Is this still the case? I guess with it hitting 1.0 it's more likely now, but I'd still be interested to hear if anyone's had much experience with this up until now.
In the same page you can find a list of compliant implementations like AKKA or RxJava, so you can easily check out one of them and see how they are implementing these concepts under the hood. The general purpose is good, it makes the switch from framework X to Y easier with the declared goal of provide a standard for asynchronous stream processing with non-blocking back pressure, but, as said before, there's nothing more than that.
About the production, well, some of the listed libraries are widely used, so I guess there are a lot of people actually using this concept in production.
Then, if you want to go further, you can search for Duality, that seems an evolution of Reactive Programming and Reactive Streams.
I think this convention is one for the future and this release marks the start of adoption. I think the hope is that more implementations will come in the future and one goal is to allow the simple connection of reactive streams and allow the building complex distributed systems.
Also interestingly it looks like this concept might make it into jdk9 as Flow - https://github.com/reactive-streams/reactive-streams-jvm/iss...
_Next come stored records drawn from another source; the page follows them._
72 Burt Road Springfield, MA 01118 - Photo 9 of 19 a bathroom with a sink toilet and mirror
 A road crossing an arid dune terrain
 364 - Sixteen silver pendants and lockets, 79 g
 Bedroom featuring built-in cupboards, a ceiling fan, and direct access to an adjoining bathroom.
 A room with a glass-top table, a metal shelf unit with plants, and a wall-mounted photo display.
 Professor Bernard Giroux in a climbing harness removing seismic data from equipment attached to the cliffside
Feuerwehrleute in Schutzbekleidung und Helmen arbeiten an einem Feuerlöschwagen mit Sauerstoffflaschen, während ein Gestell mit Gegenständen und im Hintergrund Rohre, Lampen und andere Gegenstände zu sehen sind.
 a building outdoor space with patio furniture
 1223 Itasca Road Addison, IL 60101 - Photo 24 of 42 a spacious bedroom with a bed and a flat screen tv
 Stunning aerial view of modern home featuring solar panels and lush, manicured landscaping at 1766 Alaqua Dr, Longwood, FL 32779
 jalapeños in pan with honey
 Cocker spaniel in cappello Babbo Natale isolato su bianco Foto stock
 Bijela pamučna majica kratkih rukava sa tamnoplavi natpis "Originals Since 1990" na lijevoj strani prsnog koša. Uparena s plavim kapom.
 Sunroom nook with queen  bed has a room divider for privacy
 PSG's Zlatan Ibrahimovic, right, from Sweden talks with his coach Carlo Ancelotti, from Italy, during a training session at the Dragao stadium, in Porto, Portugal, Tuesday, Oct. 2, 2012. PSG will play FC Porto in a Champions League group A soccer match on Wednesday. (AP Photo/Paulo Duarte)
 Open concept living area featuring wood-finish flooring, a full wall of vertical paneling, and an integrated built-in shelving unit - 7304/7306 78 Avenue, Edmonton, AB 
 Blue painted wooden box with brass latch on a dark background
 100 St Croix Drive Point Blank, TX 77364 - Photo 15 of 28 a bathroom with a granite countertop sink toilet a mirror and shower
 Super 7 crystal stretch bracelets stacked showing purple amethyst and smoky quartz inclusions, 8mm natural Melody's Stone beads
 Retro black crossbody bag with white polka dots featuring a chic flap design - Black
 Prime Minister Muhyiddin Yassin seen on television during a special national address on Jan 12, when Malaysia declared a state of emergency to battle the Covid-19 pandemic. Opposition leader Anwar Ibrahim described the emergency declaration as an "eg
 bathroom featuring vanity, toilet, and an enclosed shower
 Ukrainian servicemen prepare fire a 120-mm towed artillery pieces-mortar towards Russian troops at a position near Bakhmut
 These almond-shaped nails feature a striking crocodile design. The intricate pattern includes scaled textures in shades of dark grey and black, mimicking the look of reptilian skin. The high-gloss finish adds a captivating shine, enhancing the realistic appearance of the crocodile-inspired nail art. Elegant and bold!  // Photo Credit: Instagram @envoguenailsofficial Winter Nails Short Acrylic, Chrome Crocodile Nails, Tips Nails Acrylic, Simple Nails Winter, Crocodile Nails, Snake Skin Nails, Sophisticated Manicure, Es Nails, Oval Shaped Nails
non-blocking back pressure
How does that even relate? All I can think of is sticking a potato into a car exhaust.
Please could you expand on this?
And if you want "Erlang validation" it's hard to beat WhatsApp's $19B acquisition. (I doubt that Facebook will be releasing any open source Erlang code any time soon!)
So what's the deal? If you believe in the http://www.reactivemanifesto.org/ wouldn't you be better off just biting the bullet and learning http://www.erlang.org/?
It's always a good thing when a mainstream language gets better - it positively impacts a lot more people who don't get to use niche languages for their work.
EDIT: My grammar and spelling suck first thing in the morning.
"Phil Wadler and Simon Marlow worked on a type system for over a year and the results were published in . The results of the project were somewhat disappointing. To start with, only a subset of the language was type-checkable, the major omission being the lack of process types and of type checking inter-process messages."
Having control over how to fuse a chain of functions is very interesting. Do any of the implementations allow use of mutable state when fusing a chain of functions with the same signature.